PowerMarker software (Liu and Muse 2005) provided estimates of D′* and χ2 for each marker pair; χ2′* was then calculated as χ2′* = χ2/N(n − 1). Separation distances were binned as <5, 5–10, 10–20, 20–50, and >50 cM and nonsyntenic. LD measures were calculated separately for each population × separation distance (PD) combination.

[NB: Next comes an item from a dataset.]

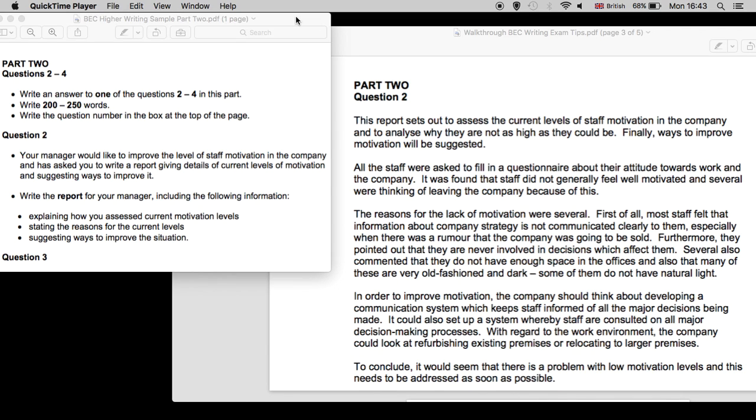Greetings, everyone. Here is some feedback, a walkthrough if you will, on question two of part two of the BEC Writing exam, BEC Higher, that is. Again, here we are aiming for C1 level written English.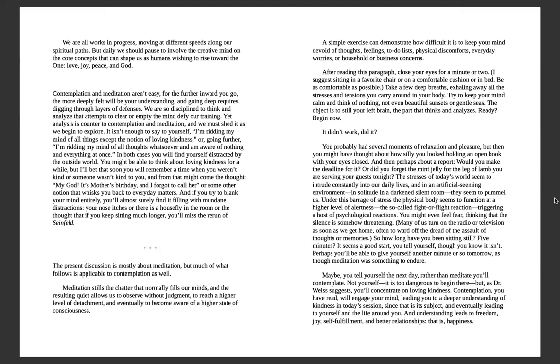So how long have you been sitting still? Five minutes? It seems a good start, you tell yourself, though you know it isn't. Perhaps you'll be able to give yourself another minute or so tomorrow, as if meditation was something to endure. Maybe not, you tell yourself the next day. You'll contemplate, not yourself—it's too dangerous to begin there—but as Dr. Weiss suggests, you'll concentrate on loving kindness.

Effect of sample size on LD:
Khatkar et al. (2008) showed that upward bias for r2 and D′ was present for small samples. This can be expected to hold for χ2′* as well. Since χ2′* = χ2/N(n − 1), it will distribute as noncentral χ2/(n − 1) with d.f. = (n − 1)(m − 1). The sampling distribution of noncentral χ2 will necessarily be skewed to the right for values of χ2′* close to the lower boundary for this parameter (0.0) and skewed to the left for values close to the upper boundary (1.0). Consequently, the mean of the sample χ2′* values will differ from the true population value. Since sample size in this study was relatively small, it was important to establish the effect of sample size on χ2′* to interpret sample values in terms of population values. Following Khatkar et al. (2008), this was investigated by bootstrapping subsamples of various size from our population samples. Since each bootstrap included a large number of marker pairs, we assumed that 5 or 10 bootstraps (depending on the number of individuals sampled to the bootstrap) would be sufficient to characterize the distribution of χ2′* values for the given sample size.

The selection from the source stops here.